[Start of section]

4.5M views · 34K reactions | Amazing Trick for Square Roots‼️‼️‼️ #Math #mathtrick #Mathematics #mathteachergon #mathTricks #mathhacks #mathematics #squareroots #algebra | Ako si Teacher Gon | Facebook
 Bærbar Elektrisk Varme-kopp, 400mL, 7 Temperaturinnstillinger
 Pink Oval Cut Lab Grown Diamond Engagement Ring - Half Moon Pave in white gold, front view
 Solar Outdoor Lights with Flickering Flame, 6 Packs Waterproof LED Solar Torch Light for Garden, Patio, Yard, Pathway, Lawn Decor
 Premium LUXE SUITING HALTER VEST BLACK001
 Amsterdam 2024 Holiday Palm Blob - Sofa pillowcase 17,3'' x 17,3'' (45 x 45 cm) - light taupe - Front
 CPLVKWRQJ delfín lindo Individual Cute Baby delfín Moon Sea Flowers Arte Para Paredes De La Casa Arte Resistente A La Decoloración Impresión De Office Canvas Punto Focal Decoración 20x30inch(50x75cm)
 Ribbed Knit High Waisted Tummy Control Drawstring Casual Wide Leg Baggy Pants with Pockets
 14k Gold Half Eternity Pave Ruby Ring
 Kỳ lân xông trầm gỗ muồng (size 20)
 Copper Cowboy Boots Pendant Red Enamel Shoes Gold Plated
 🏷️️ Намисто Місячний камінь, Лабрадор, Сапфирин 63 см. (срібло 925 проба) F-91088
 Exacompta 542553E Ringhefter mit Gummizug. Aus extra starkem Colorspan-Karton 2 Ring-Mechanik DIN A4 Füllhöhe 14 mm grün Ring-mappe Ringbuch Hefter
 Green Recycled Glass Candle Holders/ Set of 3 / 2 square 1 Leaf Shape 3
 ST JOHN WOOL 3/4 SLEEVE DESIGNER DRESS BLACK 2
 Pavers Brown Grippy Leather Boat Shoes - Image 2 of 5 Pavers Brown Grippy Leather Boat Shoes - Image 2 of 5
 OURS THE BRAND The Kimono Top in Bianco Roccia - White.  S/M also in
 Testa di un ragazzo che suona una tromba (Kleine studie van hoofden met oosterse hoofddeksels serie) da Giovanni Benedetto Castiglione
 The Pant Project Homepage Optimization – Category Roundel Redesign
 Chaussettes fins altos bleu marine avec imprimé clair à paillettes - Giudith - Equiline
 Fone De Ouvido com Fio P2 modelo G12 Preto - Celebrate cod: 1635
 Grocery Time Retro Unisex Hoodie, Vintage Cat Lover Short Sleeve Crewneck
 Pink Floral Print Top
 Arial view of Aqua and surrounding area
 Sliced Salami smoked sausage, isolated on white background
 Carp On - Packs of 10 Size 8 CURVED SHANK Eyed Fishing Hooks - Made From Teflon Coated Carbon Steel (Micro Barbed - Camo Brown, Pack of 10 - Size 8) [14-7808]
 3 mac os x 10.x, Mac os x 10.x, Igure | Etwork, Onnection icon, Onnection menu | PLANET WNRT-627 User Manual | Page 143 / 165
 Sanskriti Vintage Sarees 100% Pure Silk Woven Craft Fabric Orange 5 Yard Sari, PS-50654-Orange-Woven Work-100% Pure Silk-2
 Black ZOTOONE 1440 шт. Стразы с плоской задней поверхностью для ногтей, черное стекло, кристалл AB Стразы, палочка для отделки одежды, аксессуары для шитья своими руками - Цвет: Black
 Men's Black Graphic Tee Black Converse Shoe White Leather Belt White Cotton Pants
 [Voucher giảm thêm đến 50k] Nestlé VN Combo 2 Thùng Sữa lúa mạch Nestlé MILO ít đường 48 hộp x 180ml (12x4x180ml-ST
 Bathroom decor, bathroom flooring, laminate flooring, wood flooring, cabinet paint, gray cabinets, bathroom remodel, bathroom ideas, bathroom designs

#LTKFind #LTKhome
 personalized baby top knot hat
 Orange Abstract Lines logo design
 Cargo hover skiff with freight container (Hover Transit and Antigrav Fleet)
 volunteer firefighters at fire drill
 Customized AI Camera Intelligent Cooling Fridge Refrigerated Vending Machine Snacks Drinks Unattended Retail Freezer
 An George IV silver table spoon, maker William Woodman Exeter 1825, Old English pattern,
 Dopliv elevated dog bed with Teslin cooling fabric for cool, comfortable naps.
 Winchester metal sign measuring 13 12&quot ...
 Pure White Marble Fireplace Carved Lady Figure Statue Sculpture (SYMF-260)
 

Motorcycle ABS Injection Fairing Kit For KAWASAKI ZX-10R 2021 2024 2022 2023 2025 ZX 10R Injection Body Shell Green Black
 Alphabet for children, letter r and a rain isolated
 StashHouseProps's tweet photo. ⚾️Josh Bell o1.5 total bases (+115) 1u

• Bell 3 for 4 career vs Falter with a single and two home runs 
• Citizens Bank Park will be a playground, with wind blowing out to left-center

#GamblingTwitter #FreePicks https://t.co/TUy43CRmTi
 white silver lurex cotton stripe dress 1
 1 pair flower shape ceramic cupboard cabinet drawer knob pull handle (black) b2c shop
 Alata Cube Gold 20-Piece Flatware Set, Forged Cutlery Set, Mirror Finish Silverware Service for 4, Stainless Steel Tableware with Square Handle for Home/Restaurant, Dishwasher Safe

[End of section]

Could you retype exactly the lines above, starting at the line that contains "Ribbed Knit High" and ending at the line that contains "#LTKFind #LTKhome", and nothing more?

_ANSWER_
 Ribbed Knit High Waisted Tummy Control Drawstring Casual Wide Leg Baggy Pants with Pockets
 14k Gold Half Eternity Pave Ruby Ring
 Kỳ lân xông trầm gỗ muồng (size 20)
 Copper Cowboy Boots Pendant Red Enamel Shoes Gold Plated
 🏷️️ Намисто Місячний камінь, Лабрадор, Сапфирин 63 см. (срібло 925 проба) F-91088
 Exacompta 542553E Ringhefter mit Gummizug. Aus extra starkem Colorspan-Karton 2 Ring-Mechanik DIN A4 Füllhöhe 14 mm grün Ring-mappe Ringbuch Hefter
 Green Recycled Glass Candle Holders/ Set of 3 / 2 square 1 Leaf Shape 3
 ST JOHN WOOL 3/4 SLEEVE DESIGNER DRESS BLACK 2
 Pavers Brown Grippy Leather Boat Shoes - Image 2 of 5 Pavers Brown Grippy Leather Boat Shoes - Image 2 of 5
 OURS THE BRAND The Kimono Top in Bianco Roccia - White.  S/M also in
 Testa di un ragazzo che suona una tromba (Kleine studie van hoofden met oosterse hoofddeksels serie) da Giovanni Benedetto Castiglione
 The Pant Project Homepage Optimization – Category Roundel Redesign
 Chaussettes fins altos bleu marine avec imprimé clair à paillettes - Giudith - Equiline
 Fone De Ouvido com Fio P2 modelo G12 Preto - Celebrate cod: 1635
 Grocery Time Retro Unisex Hoodie, Vintage Cat Lover Short Sleeve Crewneck
 Pink Floral Print Top
 Arial view of Aqua and surrounding area
 Sliced Salami smoked sausage, isolated on white background
 Carp On - Packs of 10 Size 8 CURVED SHANK Eyed Fishing Hooks - Made From Teflon Coated Carbon Steel (Micro Barbed - Camo Brown, Pack of 10 - Size 8) [14-7808]
 3 mac os x 10.x, Mac os x 10.x, Igure | Etwork, Onnection icon, Onnection menu | PLANET WNRT-627 User Manual | Page 143 / 165
 Sanskriti Vintage Sarees 100% Pure Silk Woven Craft Fabric Orange 5 Yard Sari, PS-50654-Orange-Woven Work-100% Pure Silk-2
 Black ZOTOONE 1440 шт. Стразы с плоской задней поверхностью для ногтей, черное стекло, кристалл AB Стразы, палочка для отделки одежды, аксессуары для шитья своими руками - Цвет: Black
 Men's Black Graphic Tee Black Converse Shoe White Leather Belt White Cotton Pants
 [Voucher giảm thêm đến 50k] Nestlé VN Combo 2 Thùng Sữa lúa mạch Nestlé MILO ít đường 48 hộp x 180ml (12x4x180ml-ST
 Bathroom decor, bathroom flooring, laminate flooring, wood flooring, cabinet paint, gray cabinets, bathroom remodel, bathroom ideas, bathroom designs

#LTKFind #LTKhome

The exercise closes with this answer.